A group of senior House Republican lawmakers introduced bills in 2009 to prohibit sole-source contracts and emergency contracts going to campaign contributors at the state level and to give an existing board clear authority to approve all sole-source and emergency contracts in the legislative, executive and judicial branches.

Other proposals offered by the whole House GOP caucus called for banning contract awards for one year to an individual or corporation PAC that contributed to the campaign of the state official responsible for awarding the contract and a 10-day public review of contracts.

These bills surfaced at a time when House Republicans were in the minority and sharply critical of Democratic then-Gov. Ed Rendell's awarding of no-bid contracts.

Some of the most vocal proponents of the contract bans have since left the Legislature. A GOP-controlled statehouse enacted a law in 2011 to create the PennWATCH website where information is posted on state contracts and state employee salaries. The website became operational last December.

The lack of movement on the contract ban bills is deeply disappointing to activist Eric Epstein, cofounder of RocktheCapital.com. He had welcomed their introduction in 2009 as a real step to ending pay to play.

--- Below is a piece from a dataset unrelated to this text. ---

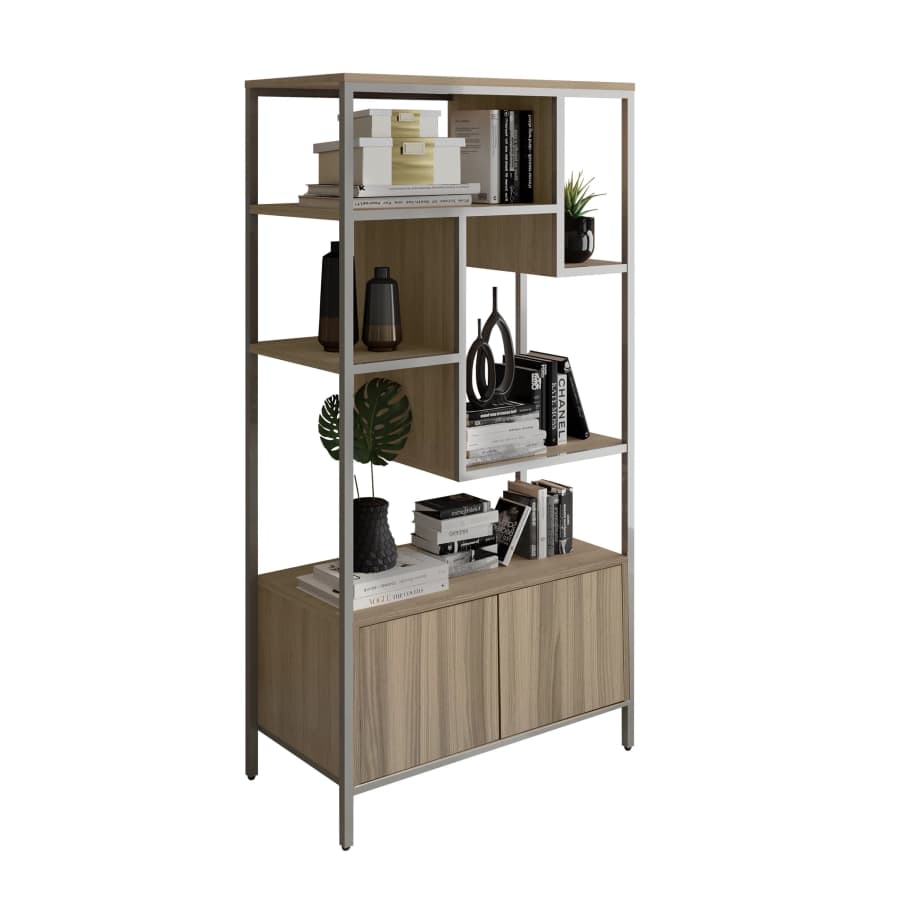 Techni Mobili Modern 5-Tier Standard Bookcase with Cabinet: $126 Techni Mobili Modern 5-Tier Standard Bookcase with Cabinet: $126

"The net result is Harrisburg still slithers around the way it always has," said Mr. Epstein.

House Majority Whip Stan Saylor, R-94, Red Lion, held hearings on state contracting practices during that earlier period when he chaired the caucus policy committee.

He said there is still interest among lawmakers in banning sole-source contracts to campaign contributors.

"I think it's something that's viable," added Mr. Saylor. "We need to take a look at it."